- _DATA EXTRACT_
____

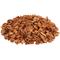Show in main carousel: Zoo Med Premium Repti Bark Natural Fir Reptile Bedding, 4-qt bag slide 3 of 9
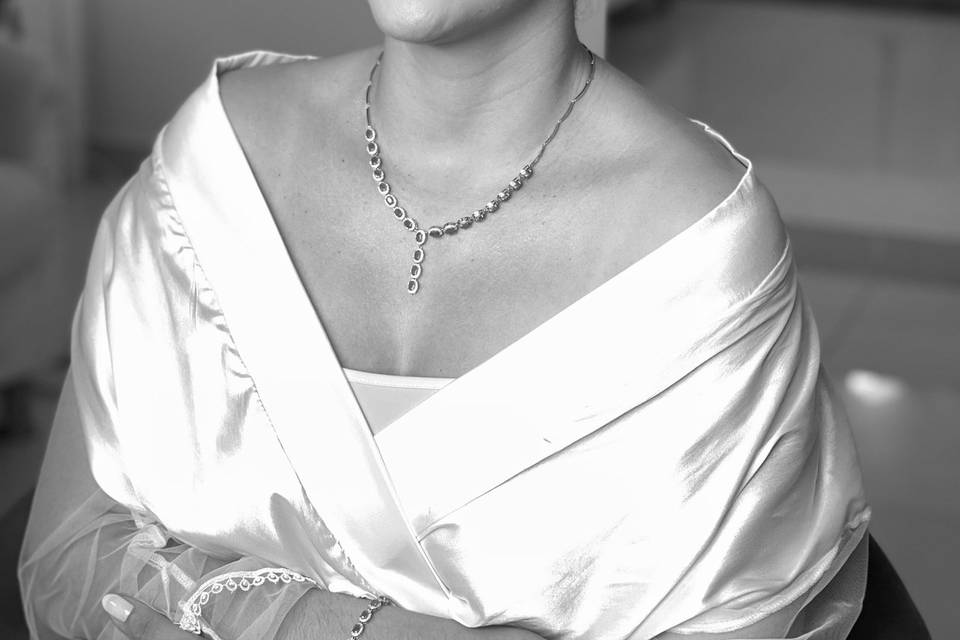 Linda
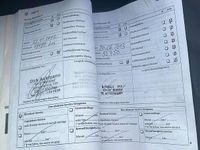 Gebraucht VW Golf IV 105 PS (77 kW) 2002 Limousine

____

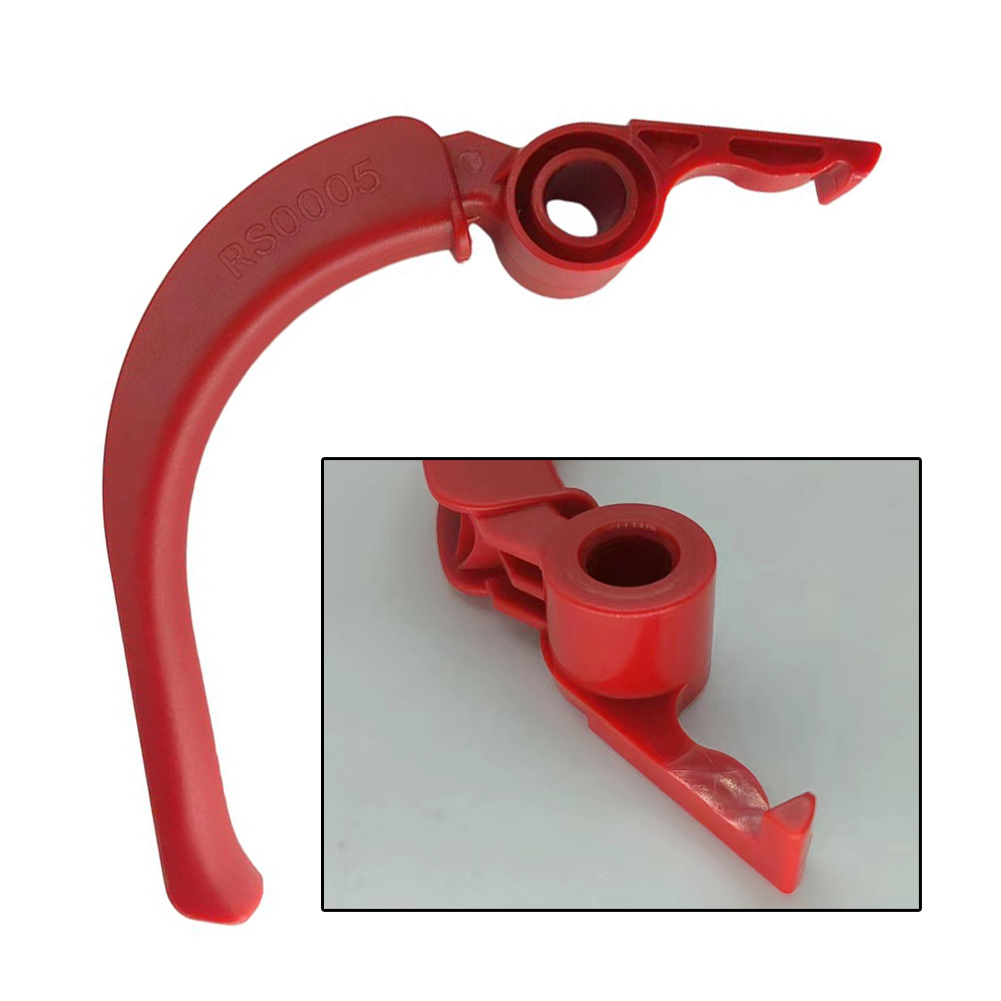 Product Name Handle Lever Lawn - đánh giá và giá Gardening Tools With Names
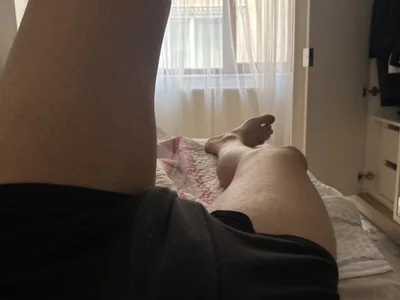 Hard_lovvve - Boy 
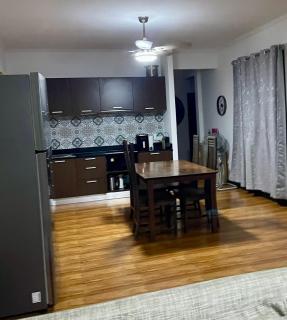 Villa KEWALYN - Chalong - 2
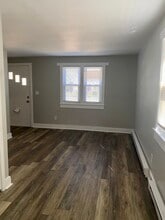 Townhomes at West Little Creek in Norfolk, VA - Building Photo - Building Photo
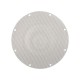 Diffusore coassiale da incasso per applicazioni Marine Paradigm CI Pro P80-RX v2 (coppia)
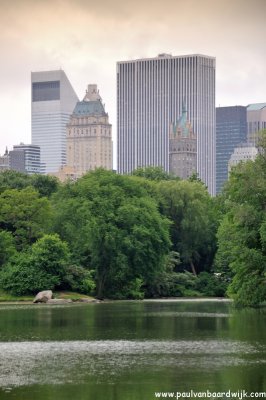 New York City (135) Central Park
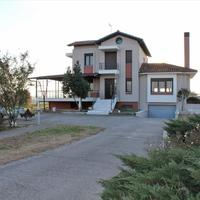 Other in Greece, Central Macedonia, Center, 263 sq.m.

____

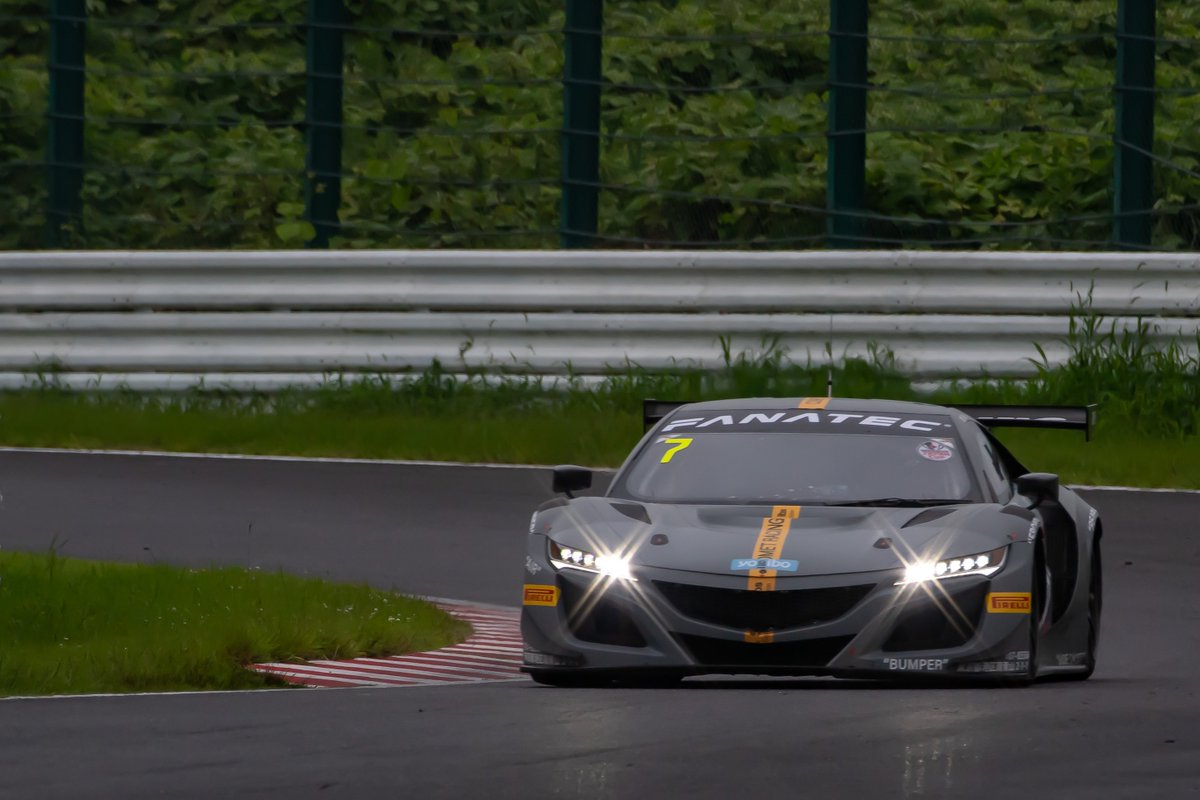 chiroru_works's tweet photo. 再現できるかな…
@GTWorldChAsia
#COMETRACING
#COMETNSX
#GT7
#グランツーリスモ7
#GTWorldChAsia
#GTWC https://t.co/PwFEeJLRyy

____

- _PROBLEM DESCRIPTION_
Using the data above, set down each line from the line with "Villa KEWALYN - Chalong - 2" to the line with "Other in Greece, Central" exactly, both ends included, and leave the pictures behind. Nothing else belongs.

- _OUTPUT BELOW_
 Villa KEWALYN - Chalong - 2
 Townhomes at West Little Creek in Norfolk, VA - Building Photo - Building Photo
 Diffusore coassiale da incasso per applicazioni Marine Paradigm CI Pro P80-RX v2 (coppia)
 New York City (135) Central Park
 Other in Greece, Central Macedonia, Center, 263 sq.m.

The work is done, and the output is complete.